(REQUIRED ACTION)
Write every entry out again exactly, please, and skip the pictures.

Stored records

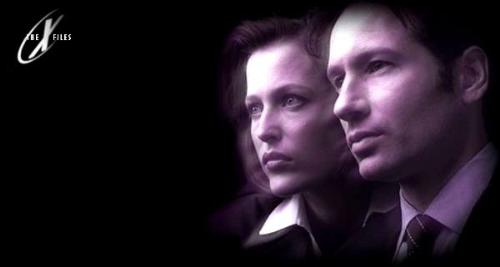 x-files, Scally and Malder - Scally and Malder, fbi agents from the film x-files 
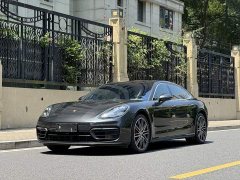 Porsche Panamera Executive Extended Wheelbase 2.9T - ფოტო 1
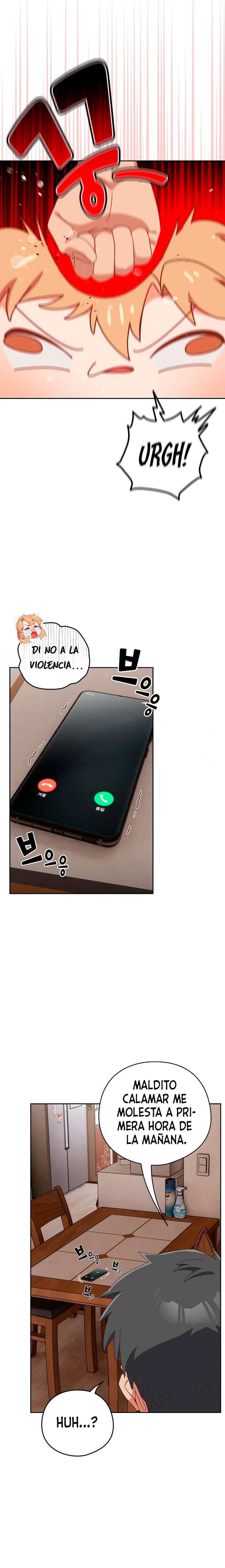 Como ninguna otra Capítulo 23 - Página 11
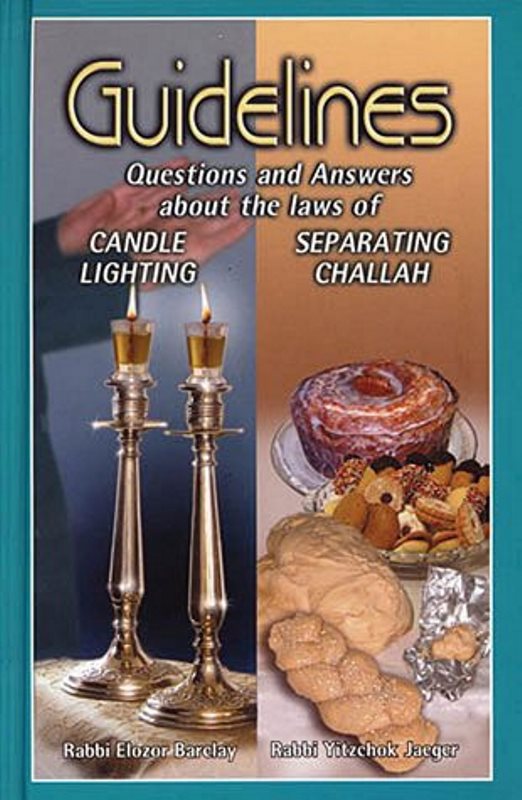 Guidelines: Candle Lighting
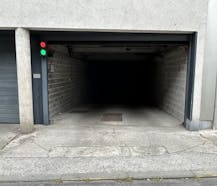 Ondergrondse staanplaats te huur in centrum Waregem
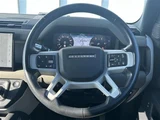 2021 Land Rover 110S 110S Green Sedan for sale, Japanese used car export - photo 7 of 24 | GULJI TRADERS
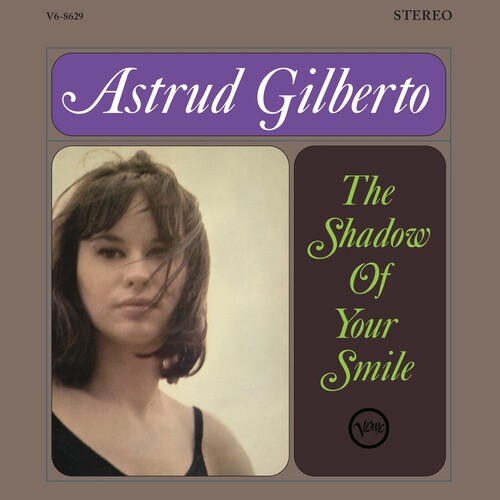 Astrud Gilberto - The Shadow of Your Smile (Verve Acoustic Sounds Series) Vinyl LP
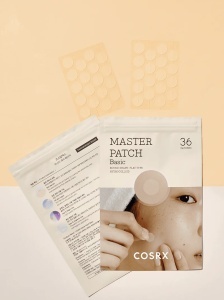 COSRX – Master Patch Basic – Plasturi hidrocoloidali ultra-subtiri pentru imperfectiuni - 36 plasturi - Img 2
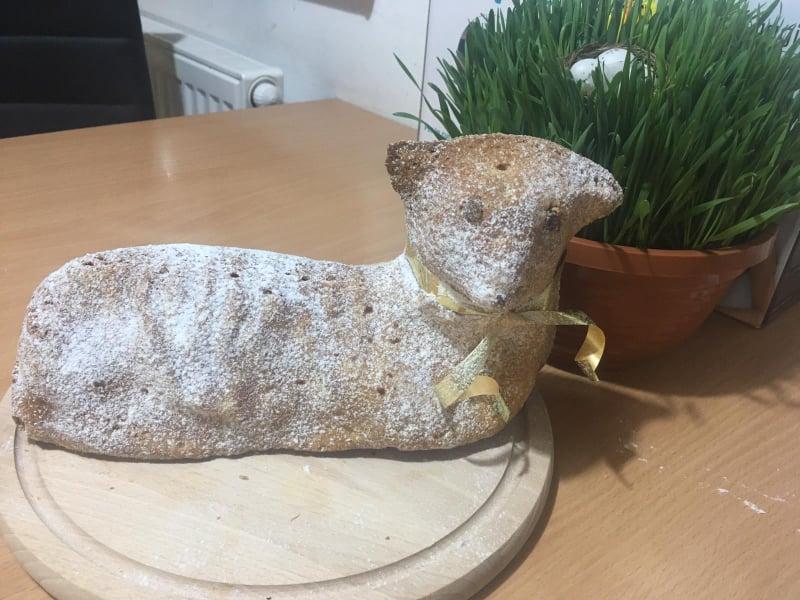 Velikonoce u třeťáčků 14. 4. - 19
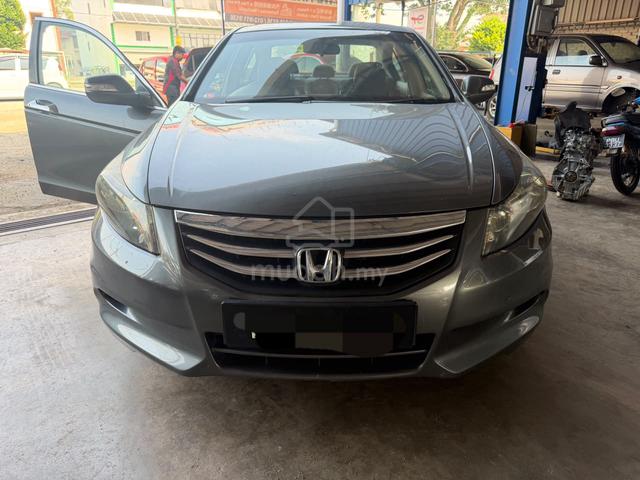 2008 Honda ACCORD 2.4 VTI-L (A) - 1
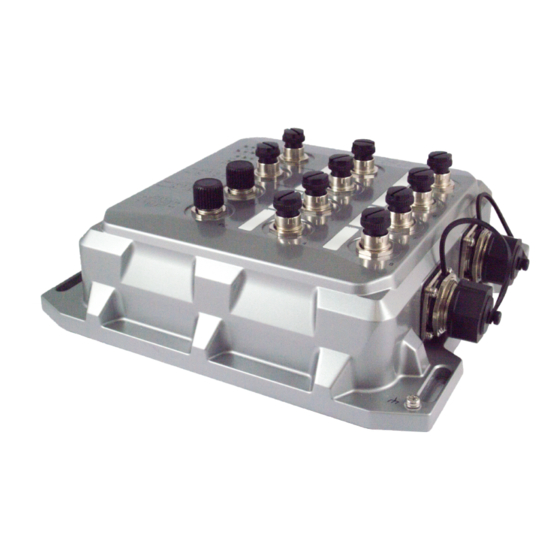 Atop EMG8508 Series Hardware Installation Manual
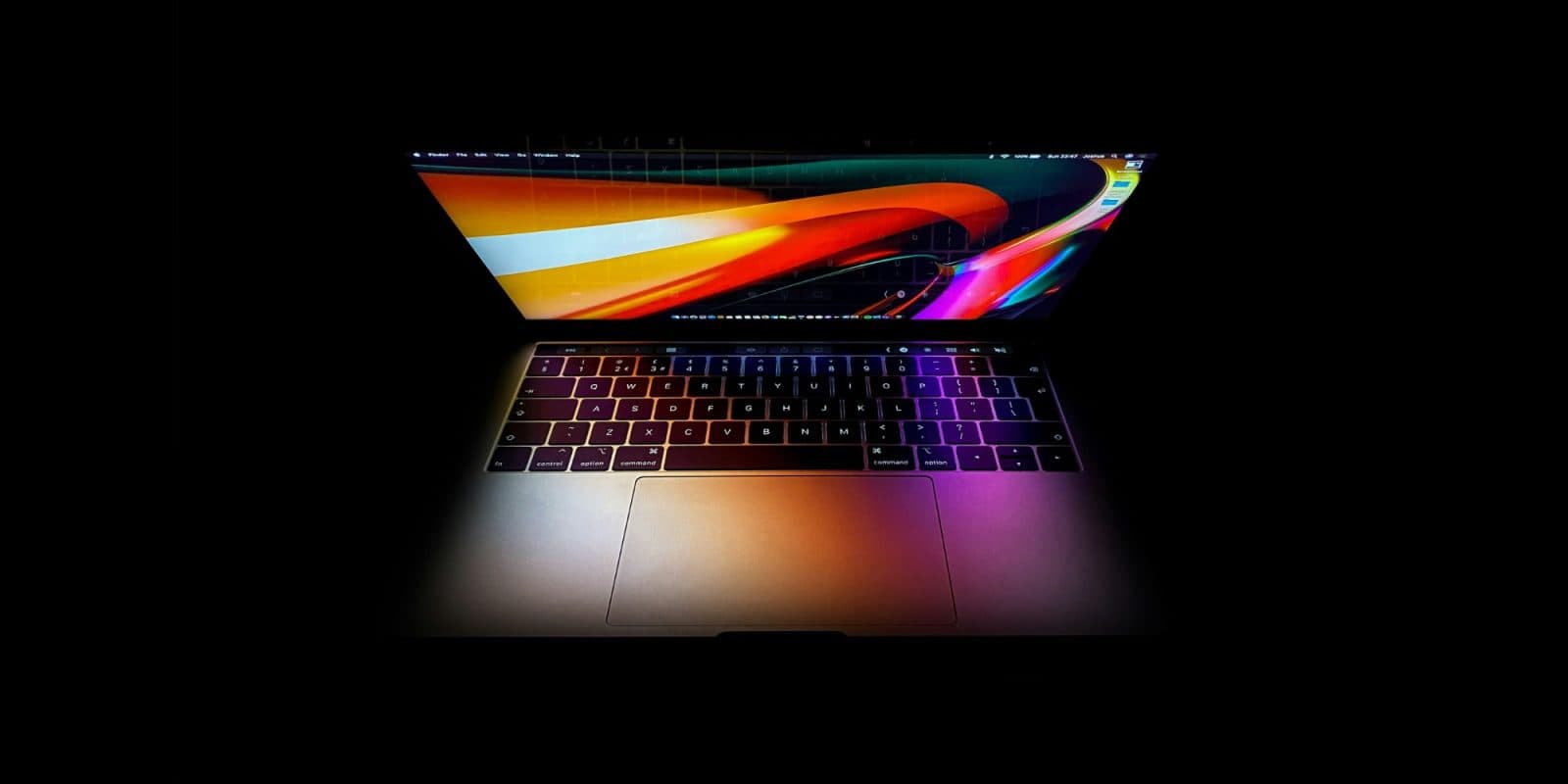 Mac จะเปลี่ยนเป็นจอ OLED แล้วต้องกังวลเรื่องภาพติดไหม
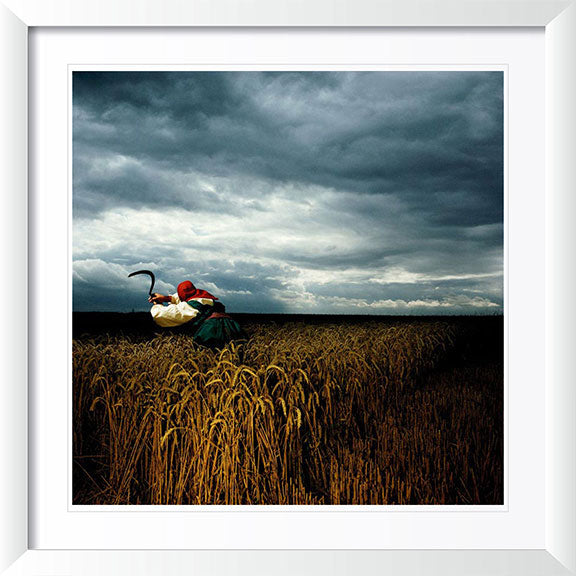 "Depeche Mode - A Broken Frame" Photography by Brian Griffin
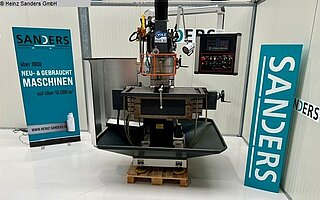 ORADEA / VOLZ FUS 32, Metallbearbeitungsmaschinen, Fräsmaschinen, Fräsmaschine - Universal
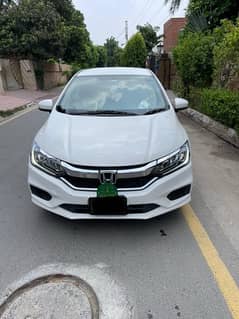 Honda City 2021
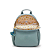 Mochila Maternidade Maisie Verde Tiny Green - Kipling - Imagem 5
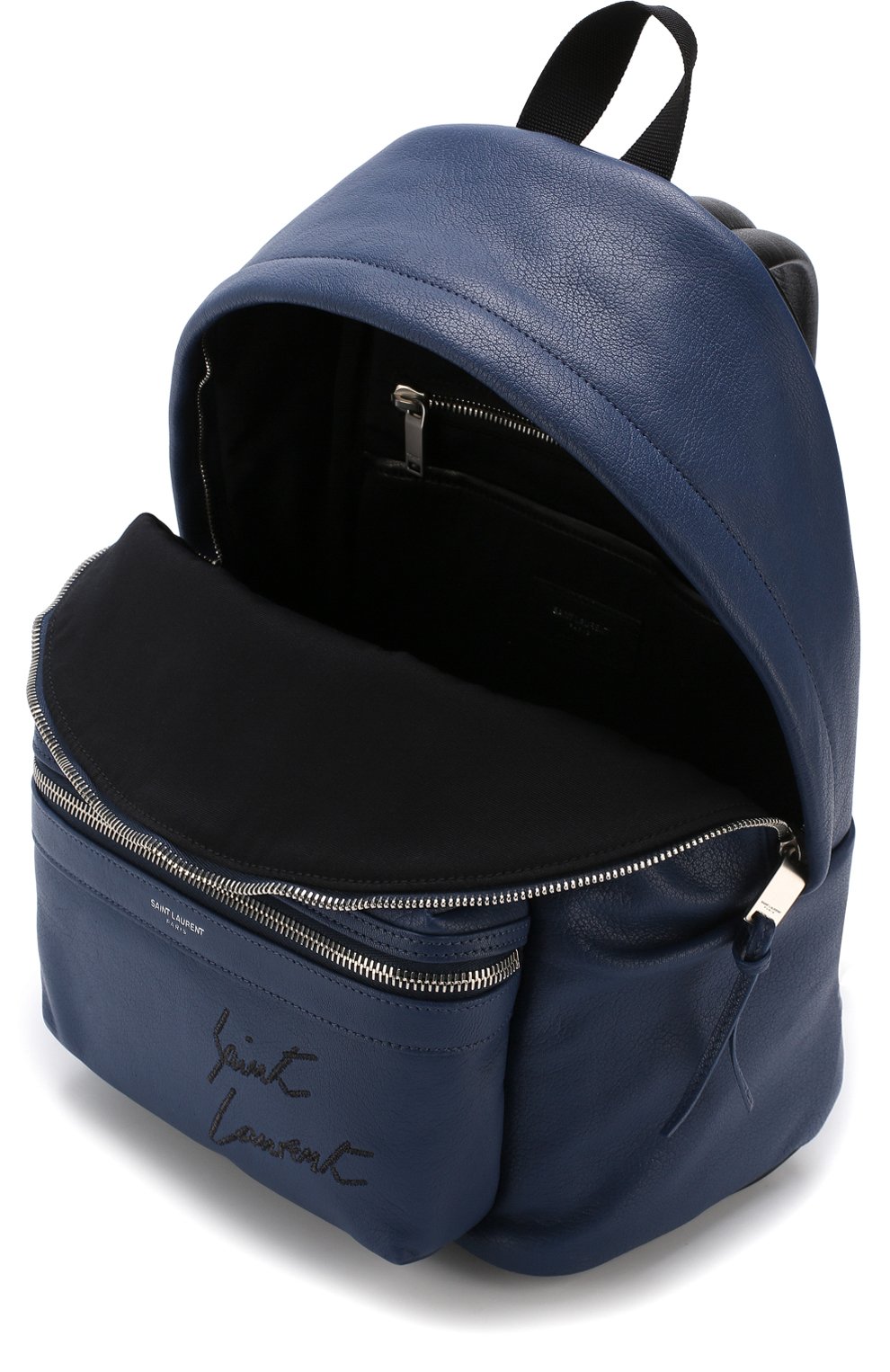 Рюкзак city mini SAINT LAURENT, арт. 508550/D40X6, фото 4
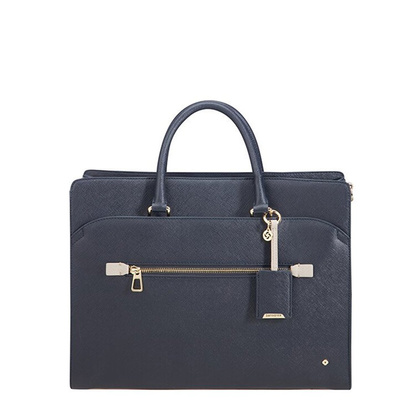 Torba na laptop 14,1" SAMSONITE LADY BECKY 109675 Granatowa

(SOLVED EXERCISE)
 x-files, Scally and Malder - Scally and Malder, fbi agents from the film x-files 
 Porsche Panamera Executive Extended Wheelbase 2.9T - ფოტო 1
 Como ninguna otra Capítulo 23 - Página 11
 Guidelines: Candle Lighting
 Ondergrondse staanplaats te huur in centrum Waregem
 2021 Land Rover 110S 110S Green Sedan for sale, Japanese used car export - photo 7 of 24 | GULJI TRADERS
 Astrud Gilberto - The Shadow of Your Smile (Verve Acoustic Sounds Series) Vinyl LP
 COSRX – Master Patch Basic – Plasturi hidrocoloidali ultra-subtiri pentru imperfectiuni - 36 plasturi - Img 2
 Velikonoce u třeťáčků 14. 4. - 19
 2008 Honda ACCORD 2.4 VTI-L (A) - 1
 Atop EMG8508 Series Hardware Installation Manual
 Mac จะเปลี่ยนเป็นจอ OLED แล้วต้องกังวลเรื่องภาพติดไหม
 "Depeche Mode - A Broken Frame" Photography by Brian Griffin
 ORADEA / VOLZ FUS 32, Metallbearbeitungsmaschinen, Fräsmaschinen, Fräsmaschine - Universal
 Honda City 2021
 Mochila Maternidade Maisie Verde Tiny Green - Kipling - Imagem 5
 Рюкзак city mini SAINT LAURENT, арт. 508550/D40X6, фото 4
 Torba na laptop 14,1" SAMSONITE LADY BECKY 109675 Granatowa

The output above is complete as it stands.